▶ [Information given]:
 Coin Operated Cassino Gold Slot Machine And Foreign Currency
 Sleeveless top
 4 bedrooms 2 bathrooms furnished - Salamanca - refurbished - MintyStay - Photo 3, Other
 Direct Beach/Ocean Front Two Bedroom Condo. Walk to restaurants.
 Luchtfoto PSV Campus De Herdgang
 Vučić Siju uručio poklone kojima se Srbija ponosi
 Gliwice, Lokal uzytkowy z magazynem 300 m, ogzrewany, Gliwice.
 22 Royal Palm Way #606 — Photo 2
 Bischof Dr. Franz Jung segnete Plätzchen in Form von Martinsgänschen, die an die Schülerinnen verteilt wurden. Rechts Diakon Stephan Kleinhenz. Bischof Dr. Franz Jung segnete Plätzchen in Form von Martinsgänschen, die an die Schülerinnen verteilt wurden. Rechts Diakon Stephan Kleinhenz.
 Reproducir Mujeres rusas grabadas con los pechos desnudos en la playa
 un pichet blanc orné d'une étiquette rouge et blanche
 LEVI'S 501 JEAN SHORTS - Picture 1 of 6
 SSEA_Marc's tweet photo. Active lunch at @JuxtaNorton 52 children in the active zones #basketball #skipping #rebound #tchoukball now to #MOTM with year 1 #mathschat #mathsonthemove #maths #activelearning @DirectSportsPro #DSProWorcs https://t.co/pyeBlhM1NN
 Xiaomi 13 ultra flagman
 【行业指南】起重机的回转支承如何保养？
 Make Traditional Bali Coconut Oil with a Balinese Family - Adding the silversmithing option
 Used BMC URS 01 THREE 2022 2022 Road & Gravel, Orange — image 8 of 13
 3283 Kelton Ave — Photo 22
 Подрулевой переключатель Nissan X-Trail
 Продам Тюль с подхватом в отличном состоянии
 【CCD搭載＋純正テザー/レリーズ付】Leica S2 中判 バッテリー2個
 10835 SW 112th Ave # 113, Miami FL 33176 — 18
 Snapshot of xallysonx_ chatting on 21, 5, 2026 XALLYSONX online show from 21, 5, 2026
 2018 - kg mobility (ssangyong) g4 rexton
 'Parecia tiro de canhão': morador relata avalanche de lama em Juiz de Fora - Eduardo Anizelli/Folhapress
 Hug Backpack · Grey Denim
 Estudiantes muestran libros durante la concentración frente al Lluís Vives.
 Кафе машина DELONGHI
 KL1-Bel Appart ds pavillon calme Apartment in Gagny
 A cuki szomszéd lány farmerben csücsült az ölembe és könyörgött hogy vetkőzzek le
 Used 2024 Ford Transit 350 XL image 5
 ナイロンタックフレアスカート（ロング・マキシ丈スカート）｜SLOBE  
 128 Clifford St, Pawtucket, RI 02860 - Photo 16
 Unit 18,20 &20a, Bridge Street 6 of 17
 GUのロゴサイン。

▶ [To do]: So that the data stays intact, repeat all of it exactly.

▶ [Task result]:
 Coin Operated Cassino Gold Slot Machine And Foreign Currency
 Sleeveless top
 4 bedrooms 2 bathrooms furnished - Salamanca - refurbished - MintyStay - Photo 3, Other
 Direct Beach/Ocean Front Two Bedroom Condo. Walk to restaurants.
 Luchtfoto PSV Campus De Herdgang
 Vučić Siju uručio poklone kojima se Srbija ponosi
 Gliwice, Lokal uzytkowy z magazynem 300 m, ogzrewany, Gliwice.
 22 Royal Palm Way #606 — Photo 2
 Bischof Dr. Franz Jung segnete Plätzchen in Form von Martinsgänschen, die an die Schülerinnen verteilt wurden. Rechts Diakon Stephan Kleinhenz. Bischof Dr. Franz Jung segnete Plätzchen in Form von Martinsgänschen, die an die Schülerinnen verteilt wurden. Rechts Diakon Stephan Kleinhenz.
 Reproducir Mujeres rusas grabadas con los pechos desnudos en la playa
 un pichet blanc orné d'une étiquette rouge et blanche
 LEVI'S 501 JEAN SHORTS - Picture 1 of 6
 SSEA_Marc's tweet photo. Active lunch at @JuxtaNorton 52 children in the active zones #basketball #skipping #rebound #tchoukball now to #MOTM with year 1 #mathschat #mathsonthemove #maths #activelearning @DirectSportsPro #DSProWorcs https://t.co/pyeBlhM1NN
 Xiaomi 13 ultra flagman
 【行业指南】起重机的回转支承如何保养？
 Make Traditional Bali Coconut Oil with a Balinese Family - Adding the silversmithing option
 Used BMC URS 01 THREE 2022 2022 Road & Gravel, Orange — image 8 of 13
 3283 Kelton Ave — Photo 22
 Подрулевой переключатель Nissan X-Trail
 Продам Тюль с подхватом в отличном состоянии
 【CCD搭載＋純正テザー/レリーズ付】Leica S2 中判 バッテリー2個
 10835 SW 112th Ave # 113, Miami FL 33176 — 18
 Snapshot of xallysonx_ chatting on 21, 5, 2026 XALLYSONX online show from 21, 5, 2026
 2018 - kg mobility (ssangyong) g4 rexton
 'Parecia tiro de canhão': morador relata avalanche de lama em Juiz de Fora - Eduardo Anizelli/Folhapress
 Hug Backpack · Grey Denim
 Estudiantes muestran libros durante la concentración frente al Lluís Vives.
 Кафе машина DELONGHI
 KL1-Bel Appart ds pavillon calme Apartment in Gagny
 A cuki szomszéd lány farmerben csücsült az ölembe és könyörgött hogy vetkőzzek le
 Used 2024 Ford Transit 350 XL image 5
 ナイロンタックフレアスカート（ロング・マキシ丈スカート）｜SLOBE  
 128 Clifford St, Pawtucket, RI 02860 - Photo 16
 Unit 18,20 &20a, Bridge Street 6 of 17
 GUのロゴサイン。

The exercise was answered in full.